◆ **Listed records**
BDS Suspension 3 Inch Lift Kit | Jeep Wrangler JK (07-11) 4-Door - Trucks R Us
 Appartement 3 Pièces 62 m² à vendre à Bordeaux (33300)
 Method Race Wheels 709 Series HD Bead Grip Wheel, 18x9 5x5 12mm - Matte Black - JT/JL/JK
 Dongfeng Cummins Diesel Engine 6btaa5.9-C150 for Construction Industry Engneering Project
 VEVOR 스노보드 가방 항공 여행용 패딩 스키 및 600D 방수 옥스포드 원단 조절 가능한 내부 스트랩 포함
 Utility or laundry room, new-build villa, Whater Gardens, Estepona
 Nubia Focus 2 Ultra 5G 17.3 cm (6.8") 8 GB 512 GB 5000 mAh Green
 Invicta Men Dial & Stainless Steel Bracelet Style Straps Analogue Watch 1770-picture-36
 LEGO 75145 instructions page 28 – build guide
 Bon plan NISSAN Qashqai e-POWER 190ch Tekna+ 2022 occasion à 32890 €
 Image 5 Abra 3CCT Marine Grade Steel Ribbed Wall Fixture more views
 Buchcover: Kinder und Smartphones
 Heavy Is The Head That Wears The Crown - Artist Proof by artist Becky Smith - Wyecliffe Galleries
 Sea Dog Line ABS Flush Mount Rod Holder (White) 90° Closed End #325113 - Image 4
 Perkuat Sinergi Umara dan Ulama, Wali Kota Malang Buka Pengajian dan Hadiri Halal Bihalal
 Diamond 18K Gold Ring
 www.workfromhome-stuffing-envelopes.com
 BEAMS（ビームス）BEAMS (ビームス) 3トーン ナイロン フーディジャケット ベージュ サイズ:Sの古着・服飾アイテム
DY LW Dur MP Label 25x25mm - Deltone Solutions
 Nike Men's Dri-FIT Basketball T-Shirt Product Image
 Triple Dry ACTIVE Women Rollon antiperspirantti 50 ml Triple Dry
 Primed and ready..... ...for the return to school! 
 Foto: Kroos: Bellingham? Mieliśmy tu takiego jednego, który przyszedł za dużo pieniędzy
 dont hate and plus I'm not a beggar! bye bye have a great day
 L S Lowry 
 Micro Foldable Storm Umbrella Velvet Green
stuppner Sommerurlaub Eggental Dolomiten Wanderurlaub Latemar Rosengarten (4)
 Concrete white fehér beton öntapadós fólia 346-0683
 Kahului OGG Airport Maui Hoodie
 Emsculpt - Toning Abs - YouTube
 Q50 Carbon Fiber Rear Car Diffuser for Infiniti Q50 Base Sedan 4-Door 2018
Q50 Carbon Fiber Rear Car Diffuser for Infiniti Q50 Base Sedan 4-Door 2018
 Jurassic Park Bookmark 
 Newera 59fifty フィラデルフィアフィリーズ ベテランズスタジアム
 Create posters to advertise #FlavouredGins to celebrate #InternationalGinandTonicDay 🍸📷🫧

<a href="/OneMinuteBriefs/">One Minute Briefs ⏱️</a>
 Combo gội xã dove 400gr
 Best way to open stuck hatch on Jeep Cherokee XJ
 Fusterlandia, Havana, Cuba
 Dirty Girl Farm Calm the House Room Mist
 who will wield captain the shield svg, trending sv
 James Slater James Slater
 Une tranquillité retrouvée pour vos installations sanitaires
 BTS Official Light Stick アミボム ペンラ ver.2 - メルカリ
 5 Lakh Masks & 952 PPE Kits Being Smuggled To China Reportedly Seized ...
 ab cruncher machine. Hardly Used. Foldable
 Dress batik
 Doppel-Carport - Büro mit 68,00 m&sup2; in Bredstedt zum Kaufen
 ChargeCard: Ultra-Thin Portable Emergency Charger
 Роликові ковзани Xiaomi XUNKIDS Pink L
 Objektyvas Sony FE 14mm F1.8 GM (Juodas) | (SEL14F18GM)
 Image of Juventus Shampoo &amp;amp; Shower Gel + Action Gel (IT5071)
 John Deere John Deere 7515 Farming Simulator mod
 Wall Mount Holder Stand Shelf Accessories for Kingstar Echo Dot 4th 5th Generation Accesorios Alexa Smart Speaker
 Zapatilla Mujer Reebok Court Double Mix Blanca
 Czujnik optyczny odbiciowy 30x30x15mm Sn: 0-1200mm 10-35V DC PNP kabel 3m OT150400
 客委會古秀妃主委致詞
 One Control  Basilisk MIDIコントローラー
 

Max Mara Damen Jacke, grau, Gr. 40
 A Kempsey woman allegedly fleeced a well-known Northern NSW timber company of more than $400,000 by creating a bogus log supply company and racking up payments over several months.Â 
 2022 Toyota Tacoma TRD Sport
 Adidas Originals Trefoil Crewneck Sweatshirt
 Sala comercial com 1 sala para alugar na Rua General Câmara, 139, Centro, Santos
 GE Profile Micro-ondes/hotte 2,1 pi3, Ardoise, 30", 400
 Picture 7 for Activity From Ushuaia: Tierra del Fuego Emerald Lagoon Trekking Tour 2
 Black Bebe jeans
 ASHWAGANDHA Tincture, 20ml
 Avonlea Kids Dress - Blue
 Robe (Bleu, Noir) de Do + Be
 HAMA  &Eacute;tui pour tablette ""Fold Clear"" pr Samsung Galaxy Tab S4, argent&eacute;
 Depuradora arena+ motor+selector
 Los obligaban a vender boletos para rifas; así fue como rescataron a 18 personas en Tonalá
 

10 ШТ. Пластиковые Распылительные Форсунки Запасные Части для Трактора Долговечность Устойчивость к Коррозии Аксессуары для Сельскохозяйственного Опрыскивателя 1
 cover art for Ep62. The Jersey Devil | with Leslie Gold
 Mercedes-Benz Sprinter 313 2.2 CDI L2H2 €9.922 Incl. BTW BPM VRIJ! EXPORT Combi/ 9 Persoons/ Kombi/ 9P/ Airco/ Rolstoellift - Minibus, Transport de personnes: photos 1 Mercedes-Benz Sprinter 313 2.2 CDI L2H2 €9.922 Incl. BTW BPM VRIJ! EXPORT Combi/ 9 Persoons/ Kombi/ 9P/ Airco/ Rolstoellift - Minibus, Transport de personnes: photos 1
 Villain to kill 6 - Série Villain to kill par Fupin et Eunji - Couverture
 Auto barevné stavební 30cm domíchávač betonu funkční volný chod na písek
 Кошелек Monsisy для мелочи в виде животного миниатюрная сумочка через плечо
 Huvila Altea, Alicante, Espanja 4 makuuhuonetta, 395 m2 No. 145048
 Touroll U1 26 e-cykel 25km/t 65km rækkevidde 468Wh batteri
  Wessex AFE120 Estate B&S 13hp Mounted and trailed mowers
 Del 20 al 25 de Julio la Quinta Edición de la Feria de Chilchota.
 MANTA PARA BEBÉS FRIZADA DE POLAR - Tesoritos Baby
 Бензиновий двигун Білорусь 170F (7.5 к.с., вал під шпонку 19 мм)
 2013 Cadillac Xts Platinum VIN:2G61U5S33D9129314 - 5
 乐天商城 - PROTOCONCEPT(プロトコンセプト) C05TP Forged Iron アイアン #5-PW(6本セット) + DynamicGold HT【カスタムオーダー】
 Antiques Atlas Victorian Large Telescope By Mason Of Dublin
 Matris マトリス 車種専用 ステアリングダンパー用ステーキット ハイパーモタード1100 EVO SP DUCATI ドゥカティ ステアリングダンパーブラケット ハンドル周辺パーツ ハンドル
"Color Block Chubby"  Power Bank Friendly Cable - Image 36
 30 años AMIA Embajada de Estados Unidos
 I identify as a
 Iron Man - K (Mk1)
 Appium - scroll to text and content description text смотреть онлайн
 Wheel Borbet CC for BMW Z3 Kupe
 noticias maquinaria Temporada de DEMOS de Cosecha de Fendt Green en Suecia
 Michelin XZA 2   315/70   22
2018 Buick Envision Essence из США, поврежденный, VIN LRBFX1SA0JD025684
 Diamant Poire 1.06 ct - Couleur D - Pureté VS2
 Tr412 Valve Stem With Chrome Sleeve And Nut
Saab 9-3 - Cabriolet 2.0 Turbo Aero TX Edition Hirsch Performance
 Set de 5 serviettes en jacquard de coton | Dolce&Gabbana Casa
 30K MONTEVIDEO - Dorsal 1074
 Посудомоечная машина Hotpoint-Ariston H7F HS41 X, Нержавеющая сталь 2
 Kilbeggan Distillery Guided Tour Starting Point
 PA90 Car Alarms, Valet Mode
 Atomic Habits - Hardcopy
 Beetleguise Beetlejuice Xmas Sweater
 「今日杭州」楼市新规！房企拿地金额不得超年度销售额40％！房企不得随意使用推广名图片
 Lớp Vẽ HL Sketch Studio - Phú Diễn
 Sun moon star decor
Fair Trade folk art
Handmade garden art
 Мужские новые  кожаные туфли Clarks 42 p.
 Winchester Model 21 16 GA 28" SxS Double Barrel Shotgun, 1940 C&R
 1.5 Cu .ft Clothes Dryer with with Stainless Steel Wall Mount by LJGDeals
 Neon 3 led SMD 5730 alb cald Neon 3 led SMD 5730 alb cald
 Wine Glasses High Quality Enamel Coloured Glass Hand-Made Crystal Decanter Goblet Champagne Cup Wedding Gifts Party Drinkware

◆ **Task objective**
Only the lines from the beginning of the listing through the line containing "VEVOR 스노보드 가방" are wanted, each restated word for word.

◆ **Result of the exercise**
BDS Suspension 3 Inch Lift Kit | Jeep Wrangler JK (07-11) 4-Door - Trucks R Us
 Appartement 3 Pièces 62 m² à vendre à Bordeaux (33300)
 Method Race Wheels 709 Series HD Bead Grip Wheel, 18x9 5x5 12mm - Matte Black - JT/JL/JK
 Dongfeng Cummins Diesel Engine 6btaa5.9-C150 for Construction Industry Engneering Project
 VEVOR 스노보드 가방 항공 여행용 패딩 스키 및 600D 방수 옥스포드 원단 조절 가능한 내부 스트랩 포함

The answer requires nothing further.